Kolonialisierung "de wilde"

Am 3. Juli 1721 ließ sich der norwegische Missionar Hanns Egede einige Kilometer in einem sechzehn Meter langen, fünf Meter breiten Haus aus Torf und Stein westlich der Hauptstadt Nuuk nieder. Mit dem neuen Baustoff Holz, einem neuen Bildungskonzept, einer neuen Gesellschaftsordnung und einer neuen Religion, besiegelt durch einen Pakt mit den Kaufleuten Bergens, beginnt die Kolonialisierung "de wilde", der "Wilden" vom Stamm der Inuit. Eine Kolonialgeschichte, die ebenso unerbittlich und erniedrigend für seine Bewohner ablief wie jede andere koloniale Geschichte auf der Erde. Mit der Gründung der Königlich-Grönländischen Handelsgesellschaft wurden die Bevölkerungsgruppen in Kategorien eingeteilt - jede mit ihren eigenen Regeln und Gesetzen. Den Verwaltern war die Ehe mit grönländischen Frauen verboten, europäische Waren und Genussmittel aller Art durften nicht an Grönländer verkauft werden - alles zum „Schutz" der Grönländer.

Nur im "natürlichen" Zustand wertvoll

Das Interesse der Dänen an der ungestörten Ausübung der grönländischen Jagd lag an der international steigenden Nachfrage nach Robben-Tran. Durch das Wissen der Einheimischen um die Erlegung der Beute konnte das Unternehmen rentabel gehalten werden. So erklärten die Kolonisatoren das Jagen als den Inuit angeborenen Urinstinkt, der Rest der Kultur wurde - in Kims Worten - "verschrottet". Schritt für Schritt begannen die Kolonisatoren das Fremde mit ihrer Kultur, mit ihren Wertvorstellungen zu füllen.

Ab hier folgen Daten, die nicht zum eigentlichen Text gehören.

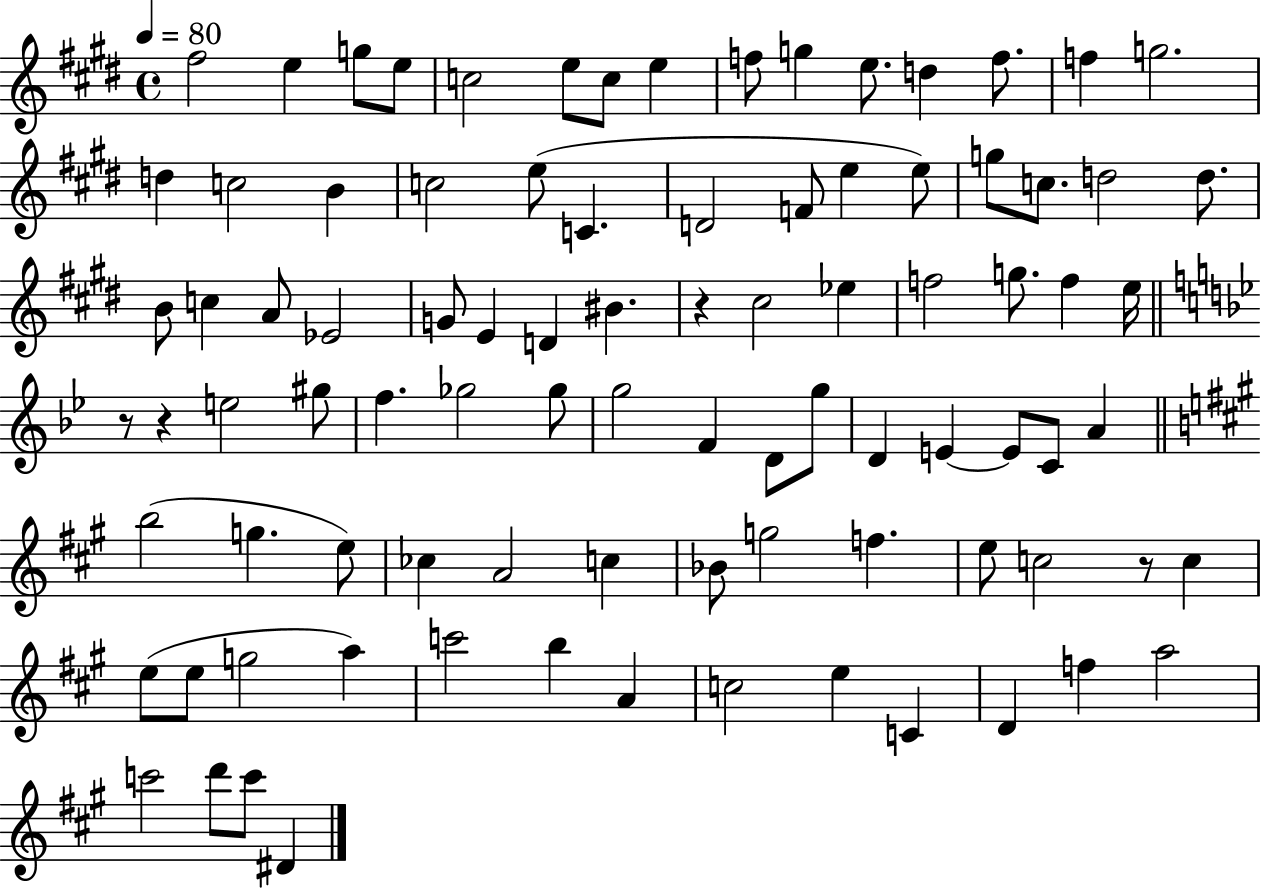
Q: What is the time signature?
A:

Die Kluft zwischen den beiden Kulturen vergrößerte sich. "Durch die neue Religion und Gesellschaftsform lernen die Inuit, das Eigene zu entwerten, gleichzeitig werden sie durch die in den Kolonien existierenden Regeln dazu gezwungen, in dieser Minderwertigkeit, 'Unterentwickeltheit‘ zu verbleiben, da sie nur in diesem 'natürlichen‘ Zustand wertvoll sind", beschreibt die Autorin.

Sehnsuchtsort

Anna Kim begreift die Stadt Nuuk mit ihren "Wohnsauriern" als "Imitation eines Ideals", als einen Sehnsuchtsort, der aus einem Ideal der "Unzivilisierten" nach der Kultur der Kolonisatoren entstanden ist. Als Grönland 1953 zum gleichberechtigen Teil Dänemarks befördert wurde, mussten seine Bewohner lernen, "mehr dänisch, wirklich dänisch" zu sein, was Kim mit einem Zitat aus der Sammlung Groenlandica belegt: "Die Steinzeitkultur der Grönländer (muss sich) innerhalb weniger Jahre in eine moderne Gesellschaft verwandeln."

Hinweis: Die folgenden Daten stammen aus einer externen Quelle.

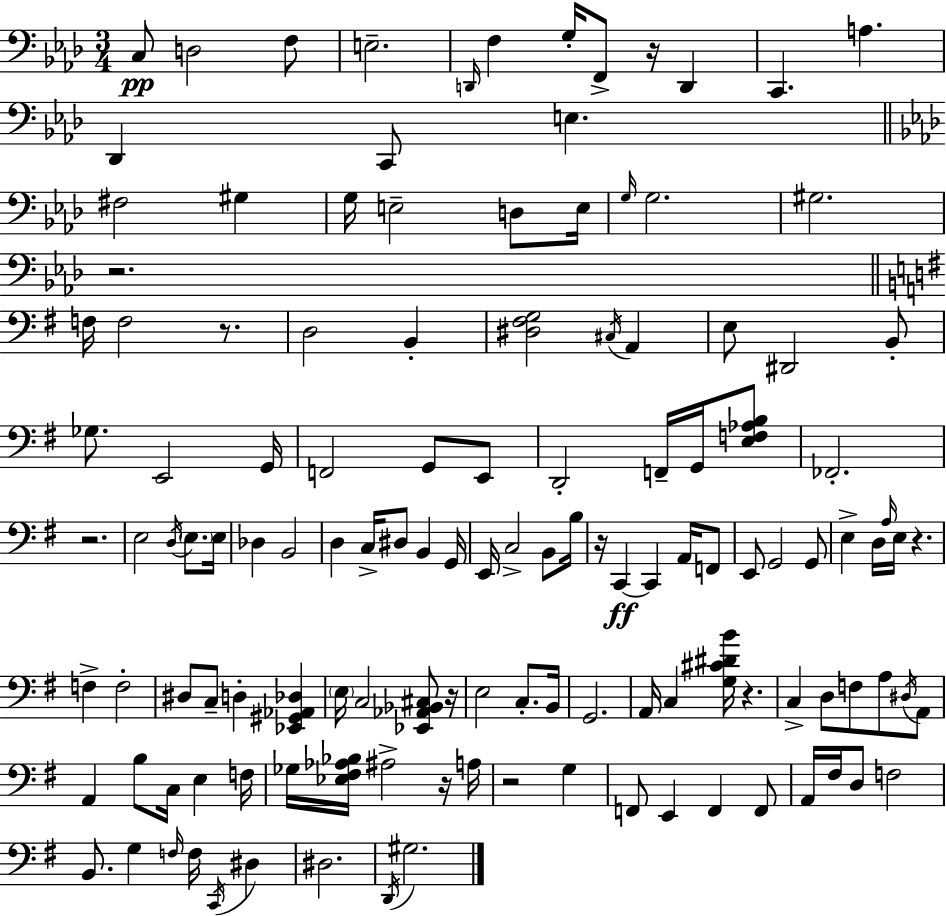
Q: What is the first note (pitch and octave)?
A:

Bis vor etwa zehn Jahren gab es grönländische und dänische Kindergartengruppen und Schulklassen. "Dänisch war die Möglichkeit, das Stigma der Herkunft zu überwinden, ein Mittel zur gesellschaftlichen Auferstehung." Anna Kim erkundet die Identitäten der Bewohner Grönlands, untersucht, wo die Grenzen zwischen Grönländischem und Dänischem liegen, wo die Einflüsse ineinander übergehen. Sie berichtet über die Vertreibung der Inughuit-Bevölkerung in Thule 1951 anlässlich der Errichtung eines Militärstützpunktes der USA. Sie folgt Einladungen in die Häuser und Wohnungen einer Künstlerin, einer Studentin, einer Verkäuferin und einer Psychologin. Kim hält Schicksale von Menschen, die "anders" ausschauen als gesellschaftlich erwartet, fest: die in Dänemark aufgewachsene, alle äußerlichen Inuit-Merkmale aufweisende Grönländerin aber auch Kim selbst - offensichtlich Asiatin und sozialisiert in Wien.

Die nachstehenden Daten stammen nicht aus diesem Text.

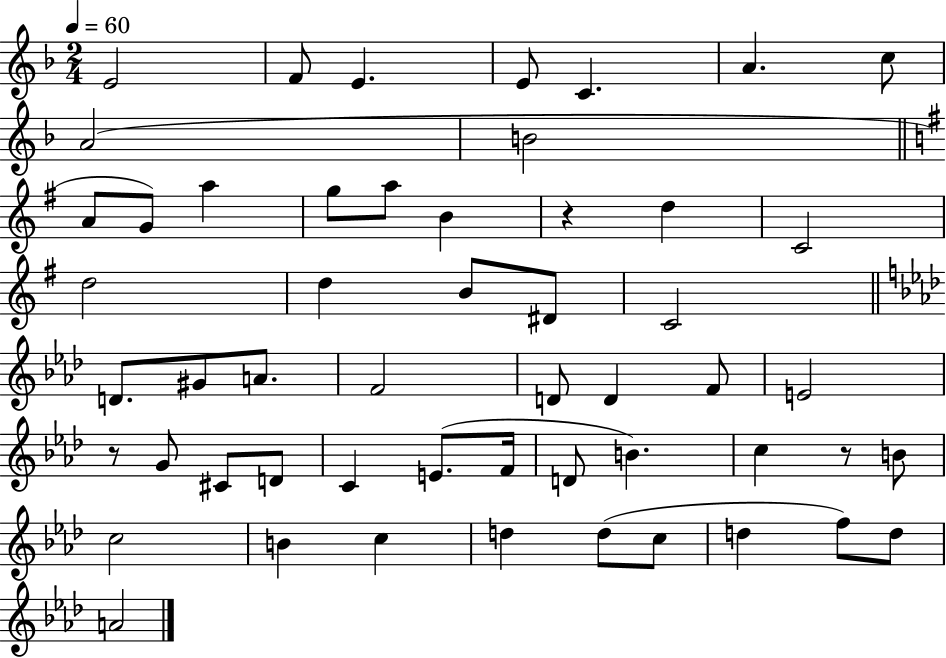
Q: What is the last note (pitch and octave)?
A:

Lebensraum der Dämonen und Monster

Im Inlandeis erfährt Anna Kim, "warum Grönland für mich immer schon mehr ein Gefühl war als ein Ort, genauer gesagt, ein Ort, von dem ich schon immer wusste, dass sich dieses Gefühl dort befindet, dort und nicht anderswo, ein diffuses und widersprüchliches Gefühl, eine Mischung aus Fernweh und Heimweh, Sehnsucht und Freiheit, und in diesem Moment erinnere ich mich gelesen zu haben, das Inlandeis sei der Ort, den die Inuit mieden, um jeden Preis: es war der Lebensraum der Dämonen und Monster."

Als Reisende erlebt Anna Kim sich als preisgegeben, ausgesetzt. Sie macht einen Abgrund aus zwischen der wirklichen und der von anderen vermuteten Identität. So kommt sie auch zum Titel ihres Grönland-Essays: "Invasionen des Privaten" steht für den Versuch, erbarmungslos ins Innere zu marschieren, "als gelte es, dieses zu erobern". Und dennoch: "Freiheit in Grönland ist kein Konzept, keine Idee, keine philosophische Theorie, sondern Realität. Freiheit in Grönland kann man atmen, man kann sie riechen, angreifen, sie ist so real, wie Freiheit nur sein kann. Und mit dem Gefühl von grenzenloser Freiheit fühle ich etwas, das ich ebenfalls nur als etwas Flüchtiges kenne, das aber hier länger anhält, Stunden, manchmal sogar Tage - Glück." (Eva Tinsobin/derStandard.at)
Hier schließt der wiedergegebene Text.